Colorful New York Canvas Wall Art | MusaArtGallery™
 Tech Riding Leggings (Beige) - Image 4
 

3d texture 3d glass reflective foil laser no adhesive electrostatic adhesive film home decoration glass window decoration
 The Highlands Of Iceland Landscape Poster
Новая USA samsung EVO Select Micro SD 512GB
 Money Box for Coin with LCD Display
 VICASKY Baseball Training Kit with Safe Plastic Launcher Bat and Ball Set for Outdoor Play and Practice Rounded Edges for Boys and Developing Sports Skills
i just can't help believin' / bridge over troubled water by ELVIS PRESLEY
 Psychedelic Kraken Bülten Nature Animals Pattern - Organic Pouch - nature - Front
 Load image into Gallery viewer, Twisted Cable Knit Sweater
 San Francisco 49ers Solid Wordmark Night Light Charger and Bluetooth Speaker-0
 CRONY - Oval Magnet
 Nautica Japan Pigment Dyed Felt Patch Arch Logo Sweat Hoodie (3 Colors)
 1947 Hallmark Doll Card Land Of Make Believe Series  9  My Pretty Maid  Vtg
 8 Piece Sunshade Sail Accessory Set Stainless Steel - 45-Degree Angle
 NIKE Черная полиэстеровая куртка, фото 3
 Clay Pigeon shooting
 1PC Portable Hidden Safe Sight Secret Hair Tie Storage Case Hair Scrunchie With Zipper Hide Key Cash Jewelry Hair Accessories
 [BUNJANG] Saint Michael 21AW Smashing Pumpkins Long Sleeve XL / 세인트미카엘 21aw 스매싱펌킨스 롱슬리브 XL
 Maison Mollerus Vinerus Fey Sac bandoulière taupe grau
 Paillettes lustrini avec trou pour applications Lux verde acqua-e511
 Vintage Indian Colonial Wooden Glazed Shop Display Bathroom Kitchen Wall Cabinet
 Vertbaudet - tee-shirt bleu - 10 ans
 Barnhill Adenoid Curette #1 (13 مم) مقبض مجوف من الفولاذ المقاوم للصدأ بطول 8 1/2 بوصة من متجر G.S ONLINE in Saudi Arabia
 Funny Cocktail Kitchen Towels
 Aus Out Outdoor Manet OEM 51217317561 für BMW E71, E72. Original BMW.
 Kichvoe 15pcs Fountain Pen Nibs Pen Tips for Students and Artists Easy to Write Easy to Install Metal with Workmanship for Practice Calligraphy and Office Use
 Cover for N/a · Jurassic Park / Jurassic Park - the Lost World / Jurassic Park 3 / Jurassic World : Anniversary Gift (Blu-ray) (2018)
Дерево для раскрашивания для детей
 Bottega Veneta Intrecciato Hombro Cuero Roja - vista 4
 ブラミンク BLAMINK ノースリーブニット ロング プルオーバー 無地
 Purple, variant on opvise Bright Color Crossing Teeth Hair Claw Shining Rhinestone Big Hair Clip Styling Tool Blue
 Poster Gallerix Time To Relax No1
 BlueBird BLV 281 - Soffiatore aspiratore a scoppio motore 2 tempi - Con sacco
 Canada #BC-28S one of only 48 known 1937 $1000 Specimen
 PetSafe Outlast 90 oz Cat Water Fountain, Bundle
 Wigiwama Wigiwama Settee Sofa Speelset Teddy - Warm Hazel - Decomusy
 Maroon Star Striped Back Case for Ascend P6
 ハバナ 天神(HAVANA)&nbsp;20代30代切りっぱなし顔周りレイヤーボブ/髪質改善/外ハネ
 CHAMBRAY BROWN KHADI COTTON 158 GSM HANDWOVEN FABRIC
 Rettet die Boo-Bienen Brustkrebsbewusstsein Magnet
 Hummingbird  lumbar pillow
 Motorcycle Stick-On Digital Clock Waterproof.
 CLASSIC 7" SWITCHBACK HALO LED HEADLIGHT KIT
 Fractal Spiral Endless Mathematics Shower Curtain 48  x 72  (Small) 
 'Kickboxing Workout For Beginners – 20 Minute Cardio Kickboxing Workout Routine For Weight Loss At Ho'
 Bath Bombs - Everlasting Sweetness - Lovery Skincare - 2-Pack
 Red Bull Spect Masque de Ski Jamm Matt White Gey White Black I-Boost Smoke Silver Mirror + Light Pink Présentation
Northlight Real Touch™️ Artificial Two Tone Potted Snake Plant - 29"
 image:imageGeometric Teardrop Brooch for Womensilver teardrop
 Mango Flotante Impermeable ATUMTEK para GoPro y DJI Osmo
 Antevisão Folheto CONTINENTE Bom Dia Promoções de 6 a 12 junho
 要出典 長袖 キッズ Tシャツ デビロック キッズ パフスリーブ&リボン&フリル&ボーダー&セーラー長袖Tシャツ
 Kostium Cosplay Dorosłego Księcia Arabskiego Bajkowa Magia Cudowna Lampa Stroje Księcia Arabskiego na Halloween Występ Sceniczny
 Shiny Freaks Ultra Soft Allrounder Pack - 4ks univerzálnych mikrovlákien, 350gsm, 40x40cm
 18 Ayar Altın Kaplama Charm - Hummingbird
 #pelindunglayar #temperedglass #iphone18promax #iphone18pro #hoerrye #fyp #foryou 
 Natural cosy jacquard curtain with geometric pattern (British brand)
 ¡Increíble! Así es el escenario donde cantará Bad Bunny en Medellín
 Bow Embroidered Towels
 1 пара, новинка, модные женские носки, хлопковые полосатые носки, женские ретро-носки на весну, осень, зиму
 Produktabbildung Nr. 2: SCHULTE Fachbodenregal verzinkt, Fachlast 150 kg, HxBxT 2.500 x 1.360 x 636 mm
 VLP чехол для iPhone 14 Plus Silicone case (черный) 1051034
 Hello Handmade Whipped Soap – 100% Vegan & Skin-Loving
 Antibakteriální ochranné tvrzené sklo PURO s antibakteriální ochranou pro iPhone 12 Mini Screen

----------------------------------------

▶ _TASK GOAL_: Report each line of the material above where the word "Fountain" appears.

▶ _YOUR RESPONSE_:
 Kichvoe 15pcs Fountain Pen Nibs Pen Tips for Students and Artists Easy to Write Easy to Install Metal with Workmanship for Practice Calligraphy and Office Use
 PetSafe Outlast 90 oz Cat Water Fountain, Bundle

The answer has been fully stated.